X = df.loc[:, features]

y = df.loc[:, 'price'].values

## Splitting Data into Training and Test Sets

In [None]:
X_train, X_test, y_train, y_test = train_test_split(X, y, random_state=0)

Note, another benefit of bagged trees like decision trees is that you don’t have to standardize your features unlike other algorithms like logistic regression and K-Nearest Neighbors. 

## Random Forest 

<b>Step 1:</b> Import the model you want to use

In sklearn, all machine learning models are implemented as Python classes

In [None]:
# This was already imported earlier in the notebook so commenting out
#from sklearn.ensemble import RandomForestRegressor

<b>Step 2:</b> Make an instance of the Model

This is a place where we can tune the hyperparameters of a model. 

In [None]:
reg = RandomForestRegressor(n_estimators=100, random_state = 0)

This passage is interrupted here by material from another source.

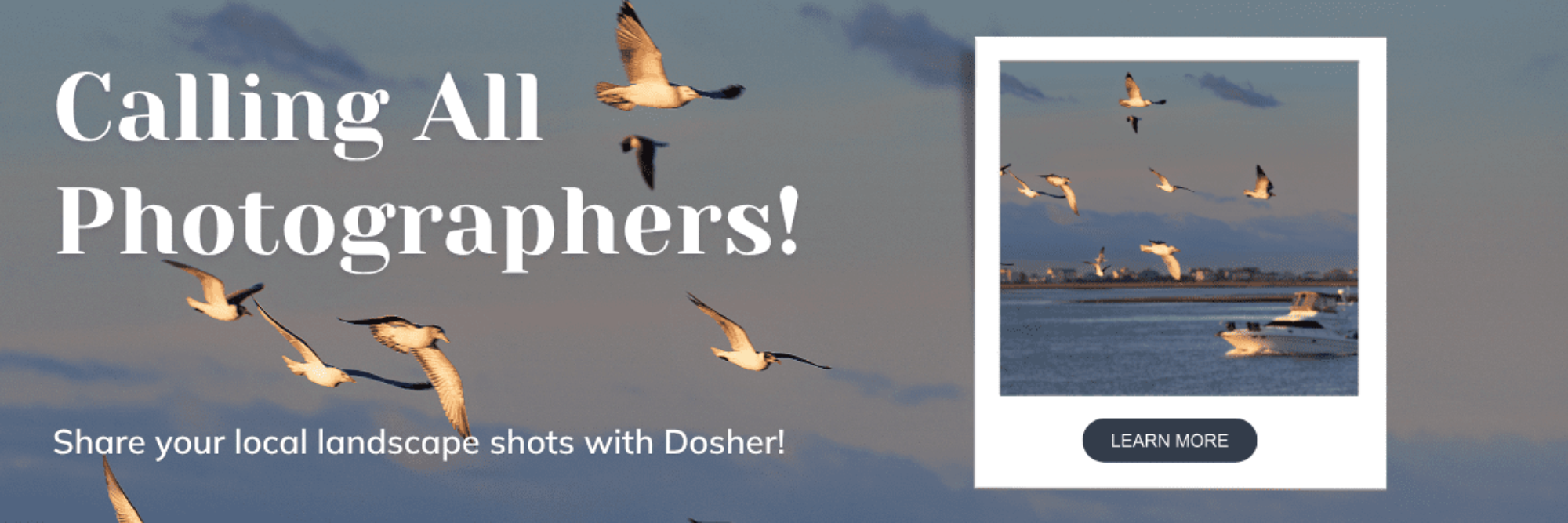 Calling all Photographers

<b>Step 3:</b> Training the model on the data, storing the information learned from the data

Model is learning the relationship between X (features like number of bedrooms) and y (price)

In [None]:
reg.fit(X_train, y_train)

<b>Step 4:</b> Predict the labels of new data (new flowers)

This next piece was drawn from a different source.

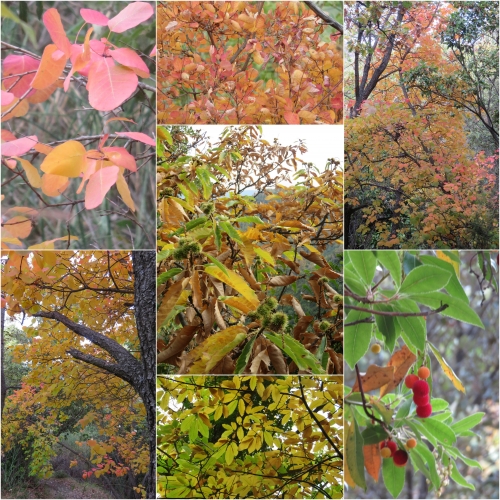 Berre-Les-Alpes, chataigniers, chênes, balades d'automne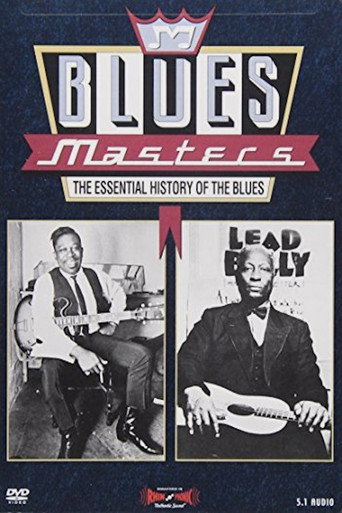 Blues Masters - The Essential History of the Blues movie poster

Uses the information the model learned during the model training process

In [None]:
# Returns a NumPy Array
# Predict for One Observation
reg.predict(X_test.iloc[0].values.reshape(1, -1))

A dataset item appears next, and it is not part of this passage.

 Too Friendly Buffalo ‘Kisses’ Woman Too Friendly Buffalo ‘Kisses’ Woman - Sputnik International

Predict for Multiple Observations at Once

In [None]:
reg.predict(X_test[0:10])

## Measuring Model Performance

Unlike classification models where a common metric is accuracy, regression models use other metrics like R^2, the coefficient of determination to quantify your model's performance. The best possible score is 1.0. A constant model that always predicts the expected value of y, disregarding the input features, would get a R^2 score of 0.0.

In [None]:
score = reg.score(X_test, y_test)
print(score)

## Visualizing Individual Decision Trees from a Bagged Tree and Random Forest Model
The purpose of this section is to show you that both ensemble models are really comprised of many decision trees.

In [None]:
# Load the Iris Dataset
data = load_iris()
df = pd.DataFrame(data.data, columns=data.feature_names)
df['target'] = data.target

# Split data into training and test sets
X_train, X_test, y_train, y_test = train_test_split(df[data.feature_names], df['target'], random_state=0)

In [None]:
# Fir Bagged Tree Model
btc = BaggingClassifier(n_estimators=100, 
                        random_state = 1)

btc.fit(X_train, y_train)

# Fit Random Forest Model
rfc = RandomForestClassifier(n_estimators=100, random_state = 1)

rfc.fit(X_train, y_train)

In [None]:
# Get the first decision tree for bagged tree model
fig, axes = plt.subplots(nrows = 1,ncols = 1,figsize = (4,4), dpi=800)
tree.plot_tree(btc.estimators_[0],
               feature_names = data.feature_names, 
               class_names=data.target_names,
               filled = True);

In [None]:
# Get the first decision tree for a random forest model
fig, axes = plt.subplots(nrows = 1,ncols = 1,figsize = (4,4), dpi=800)
tree.plot_tree(rfc.estimators_[0],
               feature_names = data.feature_names, 
               class_names=data.target_names,
               filled = True);

## Feature Importance
Random Forests give feature importance metrics. Like any metric, it isn't perfect. 

In [None]:
importances = pd.DataFrame({'feature':X_train.columns,'importance':np.round(rfc.feature_importances_,3)})
importances = importances.sort_values('importance',ascending=False)

In [None]:
importances

So that's it, I encourage you to build a random forest model.